This. No matter how complex, everything in games (and computer graphics in general) is made of triangles. You can add more triangles to make things look even more rounded, but no matter what you'll always find jagged edges if you zoom in close enough.
If you were somehow able to examine the models used in Pixar movies in real time, you'd probably still find some jagged edges if you zoomed in close enough. You'd just have to zoom in a lot more, and since CG movies are all pre-renderd, filmmakers can do whatever they want to hide any flaws that might appear.
Theoretically we could reach a point where we're using so many polygons that you'd have to zoom in to near-microscopic levels to find a jagged edge on a "round" object.
or just make sure polygons are smaller than pixels.
because we use Polygons and not Nurbs. I always wondered why Nurbs didnt take off in the gaming space, probably because of the cost, but still I expected we'd eventually see a shift.
Nurbs are cumbersome to work with, and the surface would still have to be broken down to polygons at render-time(if I'm not mistaken). Nurbs are generally used when precision is important since a nurbs surface is a mathematical equation instead of connected pre-defined points the resolution is infinite.

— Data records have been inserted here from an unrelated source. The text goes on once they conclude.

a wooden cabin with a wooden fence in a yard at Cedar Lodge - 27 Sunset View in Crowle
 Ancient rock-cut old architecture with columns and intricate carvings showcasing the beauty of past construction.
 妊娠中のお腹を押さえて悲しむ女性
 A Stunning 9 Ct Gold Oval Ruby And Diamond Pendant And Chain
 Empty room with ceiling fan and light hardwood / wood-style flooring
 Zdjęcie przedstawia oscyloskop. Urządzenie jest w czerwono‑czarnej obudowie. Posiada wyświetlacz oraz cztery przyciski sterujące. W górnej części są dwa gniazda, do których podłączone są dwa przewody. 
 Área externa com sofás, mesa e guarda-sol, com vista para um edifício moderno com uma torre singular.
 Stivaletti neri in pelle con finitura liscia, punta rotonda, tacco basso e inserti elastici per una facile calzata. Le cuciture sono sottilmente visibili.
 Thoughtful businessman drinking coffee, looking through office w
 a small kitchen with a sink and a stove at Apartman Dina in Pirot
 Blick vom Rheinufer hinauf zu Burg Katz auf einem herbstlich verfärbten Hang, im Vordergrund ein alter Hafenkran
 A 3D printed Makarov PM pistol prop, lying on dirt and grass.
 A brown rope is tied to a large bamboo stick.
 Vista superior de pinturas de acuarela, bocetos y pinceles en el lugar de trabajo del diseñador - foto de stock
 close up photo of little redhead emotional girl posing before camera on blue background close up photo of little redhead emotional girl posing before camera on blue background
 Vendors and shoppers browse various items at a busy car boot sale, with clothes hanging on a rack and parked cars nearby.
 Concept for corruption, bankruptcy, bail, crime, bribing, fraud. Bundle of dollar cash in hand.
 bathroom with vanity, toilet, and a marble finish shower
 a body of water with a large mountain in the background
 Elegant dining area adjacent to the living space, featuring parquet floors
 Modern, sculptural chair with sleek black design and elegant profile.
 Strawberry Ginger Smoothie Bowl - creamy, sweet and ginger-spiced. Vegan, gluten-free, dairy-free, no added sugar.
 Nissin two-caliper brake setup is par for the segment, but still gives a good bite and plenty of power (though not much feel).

When you design a machine using cad software you would use something like nurbs, can't have stuff like that in an inaccurate format as polygons.
I believe you can do 3D modelling with splines, but it's pretty experimental if I remember correctly. It'd give perfect curves, however.
3d-modelling with splines has been around for ages. I remember 10 years ago or so when subd-modelling wasn't very popular, lot's of people used splines to define patch surfaces, it was a total headache compared to the tools we have today.
Also, I'm not 100% sure about this but since a spline still is only a parametrized equation at some point the computer still has to translate it into polygons to actually render it. There is no magic way of getting free perfect curves. But like I said above, if you have the computing power to spare, just make sure each polygon in a curve is smaller than a pixel on screen and the curve will always appear perfect assuming the pixels aren't big enough to see individually.
I'd say something like
open subdiv likely could find it's way into videogamin in the next 5-10 years. Its basically the tech used in cg-animation today. You start out with a lowpoly(for a high-end model that would be maybe 30 k polies for a face, but could be as low as a few thousands and still give good results) and then subdivide it with a smoothing algorithm, finally you apply a displacement map to get extra high frequency detail if you want that look. This will definitively happen when gpus are strong enough to not care about polycounts anymore.(we are approaching that point, shaders, lighting, effects and textures are far more expensive than drawing triangles). It's similar to tessellation but while tessellation just adds extra points without affecting the shape of the object subdiv changes the shape to have a curved surface.